# Data for this exercise

* * * * * * * * *

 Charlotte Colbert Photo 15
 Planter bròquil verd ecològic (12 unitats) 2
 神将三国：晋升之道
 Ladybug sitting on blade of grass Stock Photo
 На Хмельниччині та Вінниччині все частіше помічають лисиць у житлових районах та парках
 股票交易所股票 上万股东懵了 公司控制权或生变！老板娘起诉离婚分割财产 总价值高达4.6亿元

* * * * * * * * *

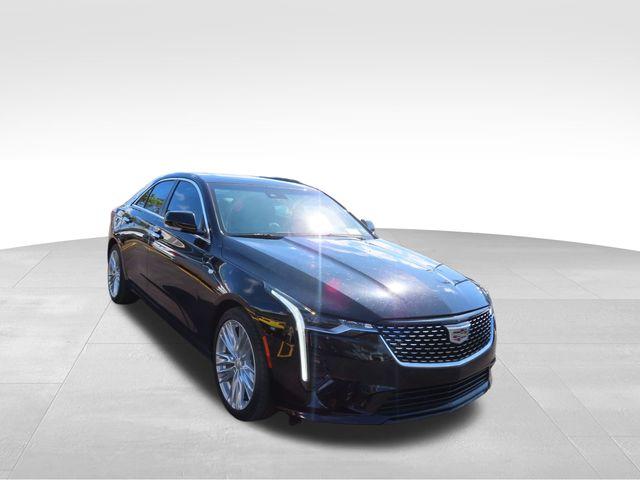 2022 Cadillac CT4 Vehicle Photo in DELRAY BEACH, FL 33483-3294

* * * * * * * * *

# Aim of the exercise
From the records above, extract exactly and only the lines that begin at the line with "Charlotte Colbert Photo 15" and stop after the line with "股票交易所股票 上万股东懵了 公司控制权或生变！老板娘起诉离婚分割财产".

# Answer to this exercise
 Charlotte Colbert Photo 15
 Planter bròquil verd ecològic (12 unitats) 2
 神将三国：晋升之道
 Ladybug sitting on blade of grass Stock Photo
 На Хмельниччині та Вінниччині все частіше помічають лисиць у житлових районах та парках
 股票交易所股票 上万股东懵了 公司控制权或生变！老板娘起诉离婚分割财产 总价值高达4.6亿元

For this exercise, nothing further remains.